Keep every line in which "terms" occurs and drop the rest of the data.

_DATASET EXTRACT_
== Segment start ==

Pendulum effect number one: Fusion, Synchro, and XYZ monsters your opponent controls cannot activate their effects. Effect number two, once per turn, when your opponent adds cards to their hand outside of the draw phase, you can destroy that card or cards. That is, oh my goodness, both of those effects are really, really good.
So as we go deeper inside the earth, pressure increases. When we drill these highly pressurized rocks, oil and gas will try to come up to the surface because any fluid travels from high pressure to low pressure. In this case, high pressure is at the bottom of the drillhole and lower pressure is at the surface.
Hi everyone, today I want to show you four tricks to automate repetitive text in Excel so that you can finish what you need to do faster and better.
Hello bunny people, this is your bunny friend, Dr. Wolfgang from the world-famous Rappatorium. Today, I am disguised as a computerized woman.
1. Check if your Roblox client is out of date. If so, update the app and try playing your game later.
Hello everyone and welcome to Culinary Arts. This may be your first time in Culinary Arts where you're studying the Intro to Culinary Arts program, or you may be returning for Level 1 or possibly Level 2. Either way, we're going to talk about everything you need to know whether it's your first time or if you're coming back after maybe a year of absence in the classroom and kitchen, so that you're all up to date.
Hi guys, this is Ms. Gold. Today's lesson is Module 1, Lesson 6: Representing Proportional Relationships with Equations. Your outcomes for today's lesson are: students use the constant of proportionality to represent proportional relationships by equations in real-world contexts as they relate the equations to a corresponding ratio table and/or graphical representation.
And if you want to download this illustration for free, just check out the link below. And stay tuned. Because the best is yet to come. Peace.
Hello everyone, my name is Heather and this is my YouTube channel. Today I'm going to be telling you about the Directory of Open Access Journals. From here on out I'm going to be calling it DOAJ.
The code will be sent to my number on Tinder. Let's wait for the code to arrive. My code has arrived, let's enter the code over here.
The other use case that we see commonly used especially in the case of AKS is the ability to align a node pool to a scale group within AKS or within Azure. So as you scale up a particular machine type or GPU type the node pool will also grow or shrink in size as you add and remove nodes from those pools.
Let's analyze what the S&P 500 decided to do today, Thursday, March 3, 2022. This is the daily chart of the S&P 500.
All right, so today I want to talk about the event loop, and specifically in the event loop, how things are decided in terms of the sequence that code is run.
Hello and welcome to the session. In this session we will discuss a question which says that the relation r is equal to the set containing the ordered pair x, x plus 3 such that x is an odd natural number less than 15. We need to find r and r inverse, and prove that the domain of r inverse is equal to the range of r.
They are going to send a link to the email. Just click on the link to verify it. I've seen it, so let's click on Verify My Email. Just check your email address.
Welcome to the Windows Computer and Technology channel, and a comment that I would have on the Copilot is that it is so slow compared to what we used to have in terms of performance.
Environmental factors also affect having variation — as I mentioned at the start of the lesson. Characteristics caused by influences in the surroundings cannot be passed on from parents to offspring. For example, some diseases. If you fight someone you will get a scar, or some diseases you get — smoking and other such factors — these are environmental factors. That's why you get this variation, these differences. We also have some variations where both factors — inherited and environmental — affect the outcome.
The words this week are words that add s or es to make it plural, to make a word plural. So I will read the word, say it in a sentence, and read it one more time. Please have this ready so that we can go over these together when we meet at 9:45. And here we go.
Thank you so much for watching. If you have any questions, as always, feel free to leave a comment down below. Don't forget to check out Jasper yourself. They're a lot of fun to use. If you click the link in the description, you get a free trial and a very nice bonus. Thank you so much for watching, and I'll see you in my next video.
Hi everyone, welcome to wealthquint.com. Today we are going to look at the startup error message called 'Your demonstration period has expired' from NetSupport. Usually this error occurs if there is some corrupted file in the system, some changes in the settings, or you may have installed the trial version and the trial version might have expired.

== Segment end ==

_ANSWER TO THE EXERCISE_
All right, so today I want to talk about the event loop, and specifically in the event loop, how things are decided in terms of the sequence that code is run.
Welcome to the Windows Computer and Technology channel, and a comment that I would have on the Copilot is that it is so slow compared to what we used to have in terms of performance.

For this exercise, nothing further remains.